TEMPO DE DEVASTAÇÃO

Publicada em 24 de maio de 2024

Novo artigo de nosso sócio Diretor, Dr. Olindo Barcellos da Silva, publicado no Jornal Gazeta Mineira do dia 24/05/2024

“…todas essas tempestades que acontecem conosco são sinais de que em breve o tempo acalmará; porque não é possível que o bem e o mal durem para sempre, e segue-se que, havendo o mal durado muito tempo, o bem deve estar próximo” Miguel de Cervantes, em Don Quixote de La Mancha

Mais de 80 anos depois da tristemente lendária enchente de 1941, as águas embaladas pelas chuvas voltaram a se rebelar.  Desta vez, chegaram aonde nunca tinham ido, com uma força nunca vista. Destruíram cidades e humilharam a engenharia dos homens, rasgando estradas e derrubando pontes. Carregaram memórias e tudo que alguns tinham demorado uma vida para amealhar. De outros, muitos, levaram consigo a vida, enlutando lares. Desde muito novo, criança ainda, o Jacuí me maravilhou. Não apenas porque é “o rio da minha aldeia”, como no poema de Fernando Pessoa, mas pela sua exuberante beleza natural. Não dá para dizer que estamos de mal, eu e o rio, mas nossa relação passa por um estranhamento. Isto que meu ambiente de trabalho e minha casa não foram atingidos. Mas é muita tristeza! Vivemos um trauma coletivo.

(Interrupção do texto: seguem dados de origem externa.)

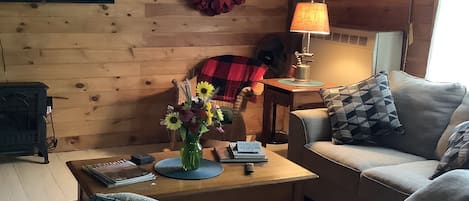 Smart-TV, Kamin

Após o grande terremoto de Lisboa, em 1755, o Marques de Pombal proferiu a célebre frase “vamos sepultar os mortos e cuidar dos vivos”. É isto que precisamos fazer. A reconstrução do Rio Grande passa, necessariamente, pelos poderes públicos estadual e federal, com seus programas e, especialmente, suas verbas. Apenas a iniciativa privada não tem condições de reconstruir o estado e sua economia num curto período. Se é que vamos conseguir fazê-lo no médio prazo. De estradas e pontes até prédios comerciais e casas, passando por empresas e empregos, há muito a ser feito.

Uma das questões mais importantes que precisamos enfrentar é refazer o que tínhamos ou construir algo novo? Isto vale para residências, obras públicas e para negócios. Reconstruir a casa aonde a água chegou ou buscar outro local? Refazer as estradas e pontes da mesma forma como foram construídas (e destruídas) ou prever a força da natureza, que pode ser criativa ou destruidora? Retomar os negócios no mesmo lugar e com a mesma modelagem ou buscar criar outras opções para localização e forma de tocar as empresas? Os temas são muitos, importantes e, às vezes, profundos. Desafiam nossa criatividade e capacidade de planejamento, enquanto corremos atrás de recursos que garantam a sobrevivência, trocando o pneu com o carro andando.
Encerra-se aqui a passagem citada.